Il est question dans l’affaire jugée d’une société Keter Plastic, qui a pour activité la fabrication et la vente de produits en matière plastique, dont des meubles de jardin vendus par l’intermédiaire de la société Plicosa, agent commercial, a assigné en contrefaçon de ses modèles communautaires la société de droit italien Shaf, spécialisée dans la conception, la fabrication et la distribution de meubles de jardin. Reprochant à la société Plicosa d’avoir organisé à son encontre une campagne de dénigrement en divulguant l’existence de cette action en justice, ce qui avait conduit plusieurs de ses clients à renoncer à des commandes, la société Shaf l’a assignée en paiement de dommages-intérêts pour concurrence déloyale. Les demandes de la société Shaf sont rejetées par la cour d’appel de Paris, comme souvent, pour des raisons de preuve. En effet, pour les juges d’appel, après avoir rappelé que l’action en contrefaçon, engagée le 6 août 2012, a été rejetée par un jugement du 27 juin 2013 confirmé par un arrêt du 27 janvier 2015, et avoir reproduit les termes des courriels adressés à la société Shaf par ses distributeurs, dont il ressortait que ceux-ci avaient été informés de cette action dès le 29 août 2012 par la société Plicosa, ont estimé que le caractère non objectif, excessif ou dénigrant, voire mensonger, des informations communiquées visant la société Shaf ou celui menaçant des propos tenus à l’égard des distributeurs, seul susceptible de caractériser un procédé déloyal, n’est pas démontré.
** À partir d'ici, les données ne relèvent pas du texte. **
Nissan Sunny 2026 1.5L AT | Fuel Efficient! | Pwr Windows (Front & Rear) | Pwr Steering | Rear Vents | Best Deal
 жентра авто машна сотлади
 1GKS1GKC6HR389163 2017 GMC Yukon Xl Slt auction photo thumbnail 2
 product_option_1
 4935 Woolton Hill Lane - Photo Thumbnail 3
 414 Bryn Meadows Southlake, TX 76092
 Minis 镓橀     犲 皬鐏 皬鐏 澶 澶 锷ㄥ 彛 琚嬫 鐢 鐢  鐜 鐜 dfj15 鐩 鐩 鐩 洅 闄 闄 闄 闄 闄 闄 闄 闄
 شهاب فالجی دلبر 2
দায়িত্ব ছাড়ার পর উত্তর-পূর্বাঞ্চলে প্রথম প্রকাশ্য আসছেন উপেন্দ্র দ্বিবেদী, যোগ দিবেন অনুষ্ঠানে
Pour la Cour de cassation, qui censure l’arrêt d’appel, « la divulgation à la clientèle, par la société Plicosa, d’une action en contrefaçon n’ayant pas donné lieu à une décision de justice, dépourvue de base factuelle suffisante en ce qu’elle ne reposait que sur le seul acte de poursuite engagé par le titulaire des droits, constituait un dénigrement fautif ».

L’affirmation est somme toute très péremptoire, ce qui est d’autant plus surprenant que la Cour de cassation se base sur des considérations tout de même très factuelles pour l’énoncer. Elle se comporte presque en troisième degré de juridiction. En filigrane, on a le sentiment qu’elle entend contribuer à la moralisation des pratiques commerciales. La cour d’appel de Paris autrement composée désignée comme chambre de renvoi n’aura pas beaucoup à hésiter sur la solution qu’elle rendra. Davantage, peut-être, sur le montant des dommages-intérêts qu’elle allouera à la victime des agissements litigieux. À moins qu’elle ne se contente, compte tenu de l’absence de concurrence entre les litigants et donc de captation illicite de la clientèle de l’un par l’autre, d’une indemnisation symbolique, même si la Cour de cassation manifeste régulièrement son attachement au principe de la réparation intégrale du préjudice (v. par ex. Civ. 1re, 21 nov. 2018, n° 17-26.766, JA 2019, à paraître, qui juge, à propos de la réparation du préjudice né de l’exclusion d’une association que « le préjudice doit être réparé dans son intégralité et non pour le principe »).